[Opening Source material section]
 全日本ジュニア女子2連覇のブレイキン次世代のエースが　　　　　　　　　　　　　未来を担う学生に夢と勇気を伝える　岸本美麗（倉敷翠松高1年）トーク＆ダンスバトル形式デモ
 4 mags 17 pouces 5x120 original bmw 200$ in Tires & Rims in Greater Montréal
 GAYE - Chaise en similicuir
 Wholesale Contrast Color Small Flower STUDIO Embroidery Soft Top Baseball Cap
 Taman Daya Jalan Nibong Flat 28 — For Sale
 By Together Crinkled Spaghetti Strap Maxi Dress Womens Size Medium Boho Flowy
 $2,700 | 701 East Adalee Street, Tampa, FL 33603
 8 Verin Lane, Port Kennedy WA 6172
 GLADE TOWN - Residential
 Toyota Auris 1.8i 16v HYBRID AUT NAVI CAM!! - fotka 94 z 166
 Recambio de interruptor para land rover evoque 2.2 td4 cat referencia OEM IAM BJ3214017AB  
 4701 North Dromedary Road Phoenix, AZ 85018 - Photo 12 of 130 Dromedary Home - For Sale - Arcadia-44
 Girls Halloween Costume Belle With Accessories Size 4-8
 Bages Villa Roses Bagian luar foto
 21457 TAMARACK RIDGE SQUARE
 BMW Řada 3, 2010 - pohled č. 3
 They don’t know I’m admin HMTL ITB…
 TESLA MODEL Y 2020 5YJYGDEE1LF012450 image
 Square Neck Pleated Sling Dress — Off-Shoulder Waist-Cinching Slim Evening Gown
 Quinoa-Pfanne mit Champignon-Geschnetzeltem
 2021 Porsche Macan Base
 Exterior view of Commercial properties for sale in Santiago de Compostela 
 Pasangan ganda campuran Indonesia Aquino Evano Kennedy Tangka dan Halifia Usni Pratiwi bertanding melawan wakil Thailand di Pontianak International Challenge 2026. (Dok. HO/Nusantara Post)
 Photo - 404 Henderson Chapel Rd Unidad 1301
[Closing Source material section]
▶ [What to produce]:
Write down exactly every line of the material above up to and including the line containing "8 Verin Lane, Port Kennedy WA 6172".

▶ [Answer for the task]:
 全日本ジュニア女子2連覇のブレイキン次世代のエースが　　　　　　　　　　　　　未来を担う学生に夢と勇気を伝える　岸本美麗（倉敷翠松高1年）トーク＆ダンスバトル形式デモ
 4 mags 17 pouces 5x120 original bmw 200$ in Tires & Rims in Greater Montréal
 GAYE - Chaise en similicuir
 Wholesale Contrast Color Small Flower STUDIO Embroidery Soft Top Baseball Cap
 Taman Daya Jalan Nibong Flat 28 — For Sale
 By Together Crinkled Spaghetti Strap Maxi Dress Womens Size Medium Boho Flowy
 $2,700 | 701 East Adalee Street, Tampa, FL 33603
 8 Verin Lane, Port Kennedy WA 6172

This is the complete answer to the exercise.